### SUPPLIED MATERIAL:

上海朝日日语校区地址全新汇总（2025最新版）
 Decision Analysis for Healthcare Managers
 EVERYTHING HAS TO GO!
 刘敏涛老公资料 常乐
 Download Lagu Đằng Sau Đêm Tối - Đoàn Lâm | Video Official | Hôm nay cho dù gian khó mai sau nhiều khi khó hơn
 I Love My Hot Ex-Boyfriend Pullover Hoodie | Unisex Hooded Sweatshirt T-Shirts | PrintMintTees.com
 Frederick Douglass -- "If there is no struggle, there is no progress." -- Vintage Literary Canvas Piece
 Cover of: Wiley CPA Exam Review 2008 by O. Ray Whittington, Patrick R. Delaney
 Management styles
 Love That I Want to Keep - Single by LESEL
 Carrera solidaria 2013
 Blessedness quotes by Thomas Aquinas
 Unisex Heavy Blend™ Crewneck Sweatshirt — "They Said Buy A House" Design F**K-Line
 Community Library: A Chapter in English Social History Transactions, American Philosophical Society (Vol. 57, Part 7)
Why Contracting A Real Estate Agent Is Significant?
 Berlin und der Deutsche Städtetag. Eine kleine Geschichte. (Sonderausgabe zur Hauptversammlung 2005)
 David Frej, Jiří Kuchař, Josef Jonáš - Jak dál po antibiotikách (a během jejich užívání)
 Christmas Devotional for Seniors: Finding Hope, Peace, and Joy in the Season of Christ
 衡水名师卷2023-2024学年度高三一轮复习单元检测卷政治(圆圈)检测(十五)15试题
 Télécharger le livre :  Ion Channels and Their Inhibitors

### EXERCISE REQUIREMENTS:
Would you quote everything above from the line containing "Literary Canvas Piece" down to the line containing "Blessedness quotes by Thomas Aquinas"? Include both of those lines and nothing else.

### EXERCISE ANSWER:
 Frederick Douglass -- "If there is no struggle, there is no progress." -- Vintage Literary Canvas Piece
 Cover of: Wiley CPA Exam Review 2008 by O. Ray Whittington, Patrick R. Delaney
 Management styles
 Love That I Want to Keep - Single by LESEL
 Carrera solidaria 2013
 Blessedness quotes by Thomas Aquinas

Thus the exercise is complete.